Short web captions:
──────
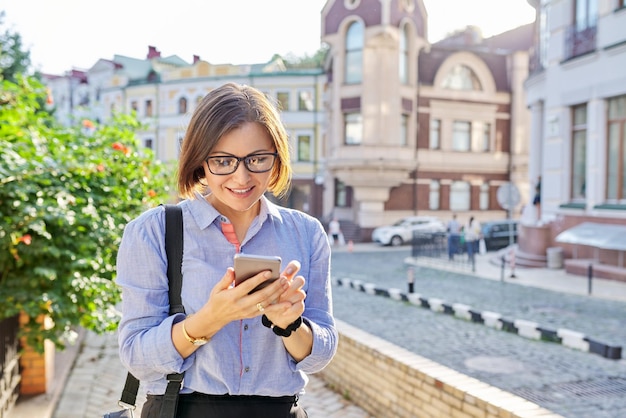 Dojrzała kobieta biznesu, pisząc na smartfonie, spacerując ulicą miasta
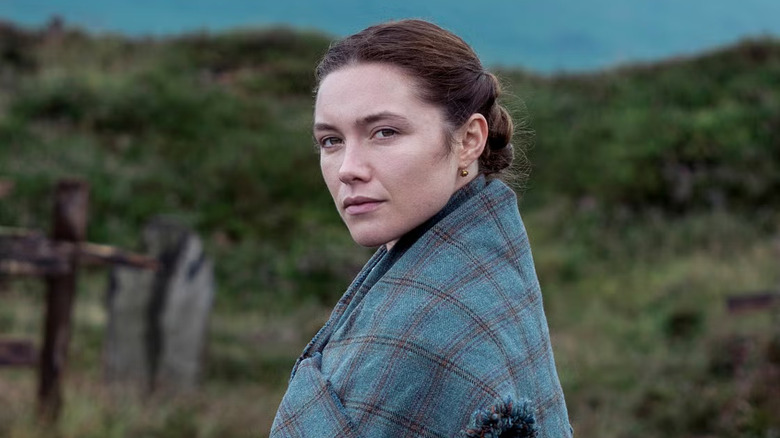 Florence Pugh as Lib Wright looking over the mountains in The Wonder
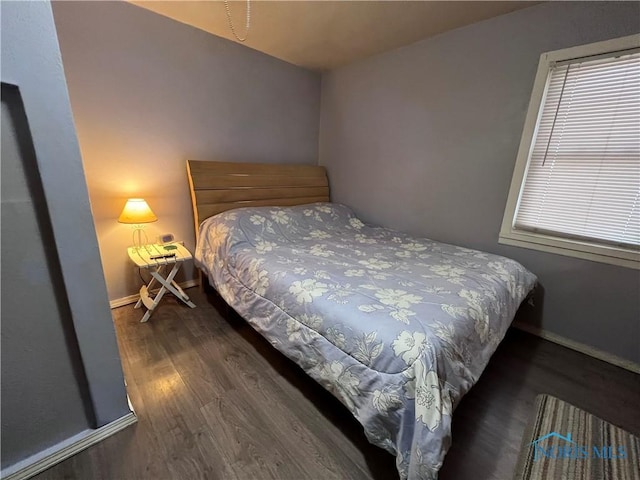 bedroom featuring dark wood-type flooring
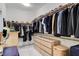 Spacious walk-in closet with lots of hanging space and built in dresser drawers at 689 Rogue Wave St, Las Vegas, NV 89138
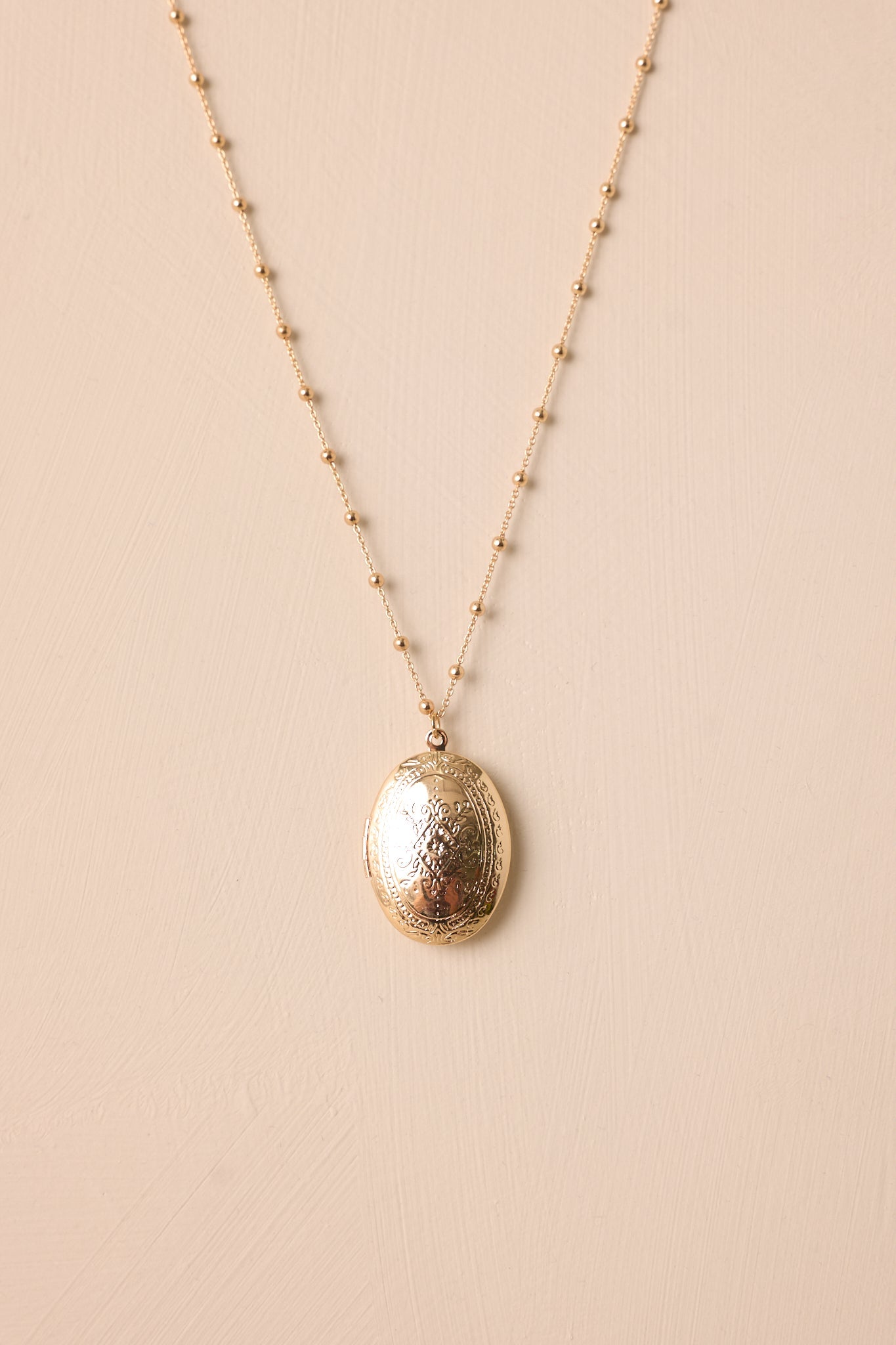 On Repeat Gold Locket Necklace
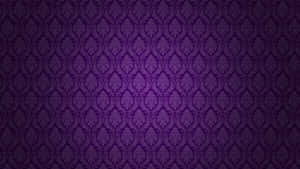 Enjoy An Inspired Workspace With This Playful Purple Desktop Wallpaper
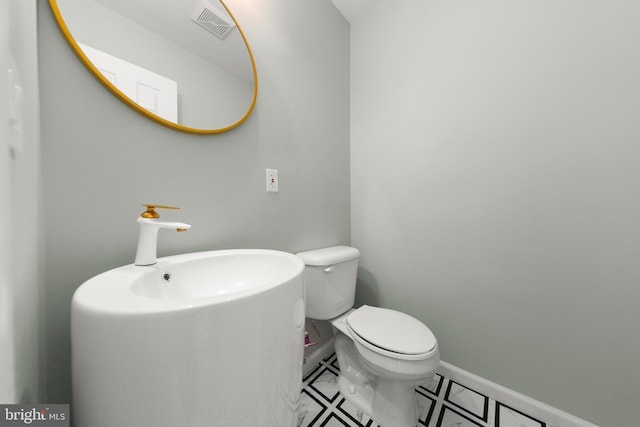 half bathroom with toilet, baseboards, and visible vents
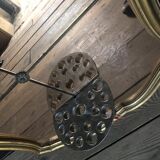 Venetian mirror topped with half a chandelier of Murano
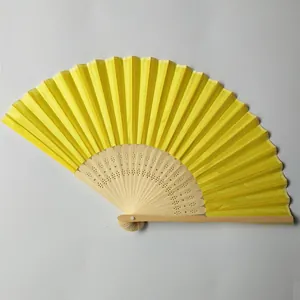 Detailed view of yellow silk folding fan with floral carvings on bamboo frame.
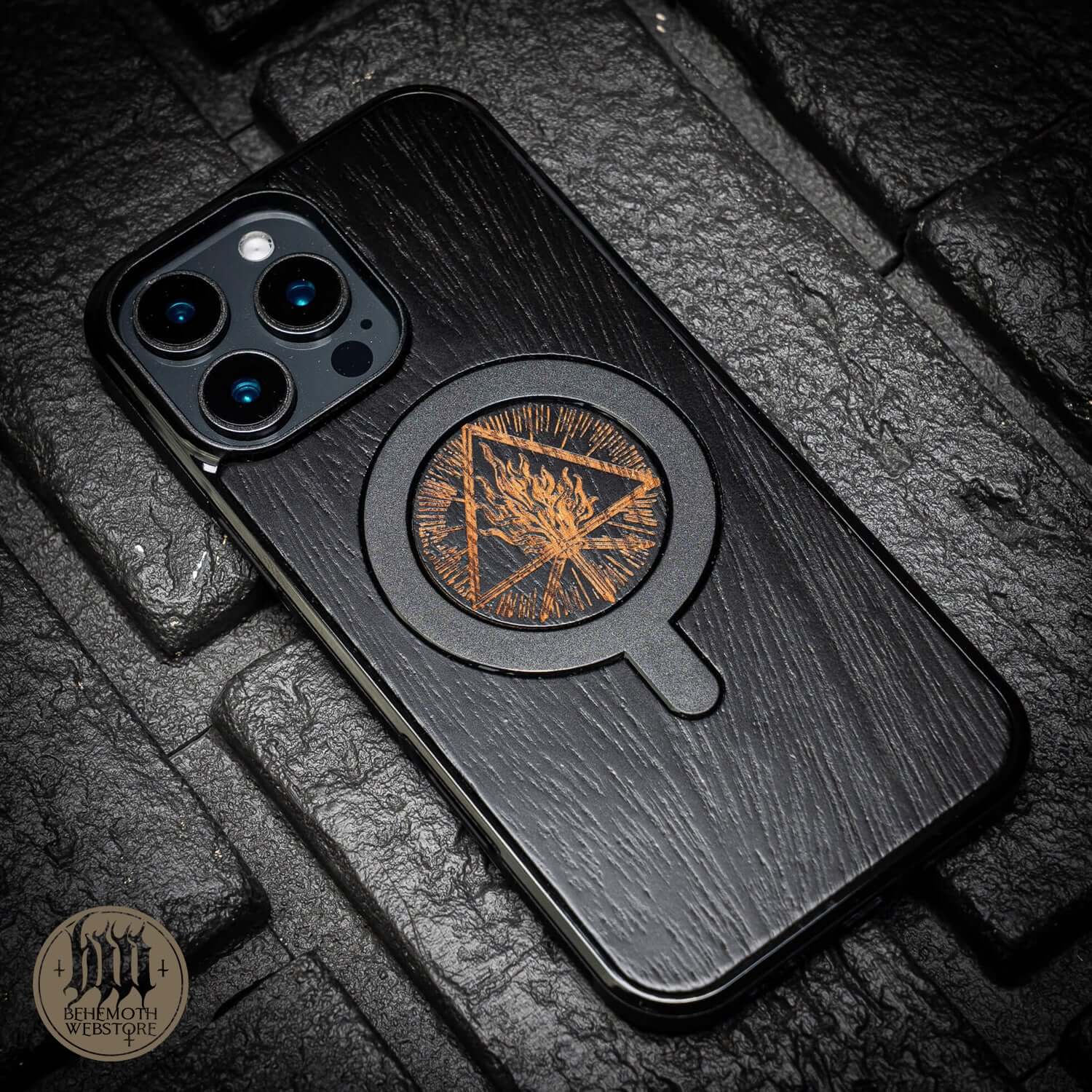 Behemoth 'Thru Fire We Walk' black oak MagSafe phone case with intricate design, made in Poland, sits elegantly on textured surface.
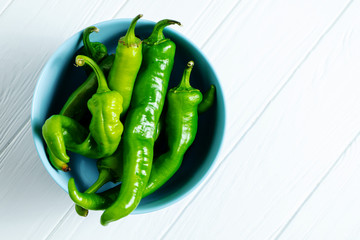 Hot, spicy green peppers in a blue bowl on a white wooden background with copy space. Top view...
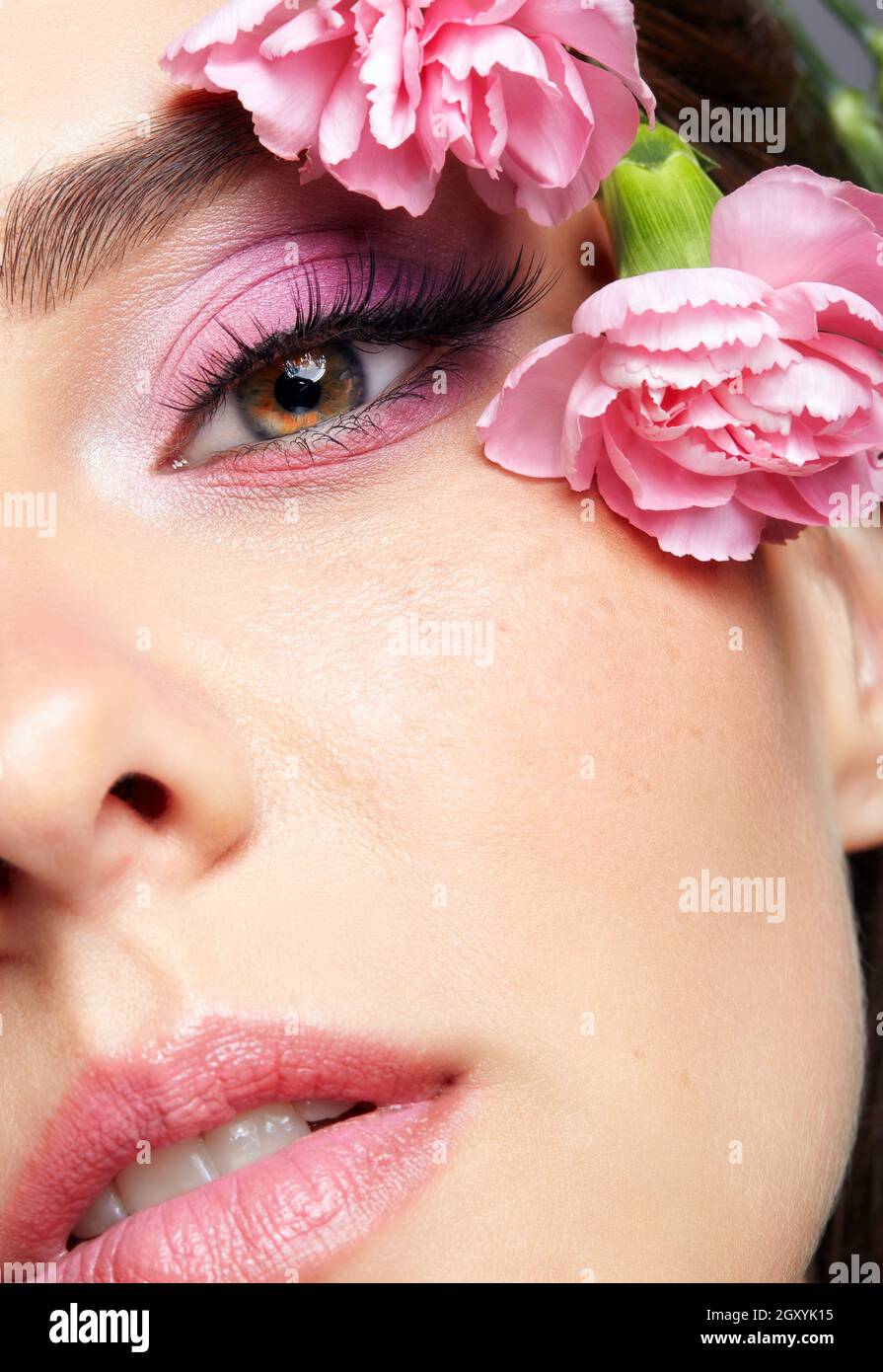 Closeup macro shot of human female face. Woman with natural face and eyes beauty makeup. Pink carnation flowers on the temple. Stock Photo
──────
### Task prompt
Output all the records, word for word, with no pictures in the copy.

### Output
 Dojrzała kobieta biznesu, pisząc na smartfonie, spacerując ulicą miasta
 Florence Pugh as Lib Wright looking over the mountains in The Wonder
 bedroom featuring dark wood-type flooring
 Spacious walk-in closet with lots of hanging space and built in dresser drawers at 689 Rogue Wave St, Las Vegas, NV 89138
 On Repeat Gold Locket Necklace
 Enjoy An Inspired Workspace With This Playful Purple Desktop Wallpaper
 half bathroom with toilet, baseboards, and visible vents
 Venetian mirror topped with half a chandelier of Murano
 Detailed view of yellow silk folding fan with floral carvings on bamboo frame.
 Behemoth 'Thru Fire We Walk' black oak MagSafe phone case with intricate design, made in Poland, sits elegantly on textured surface.
 Hot, spicy green peppers in a blue bowl on a white wooden background with copy space. Top view...
 Closeup macro shot of human female face. Woman with natural face and eyes beauty makeup. Pink carnation flowers on the temple. Stock Photo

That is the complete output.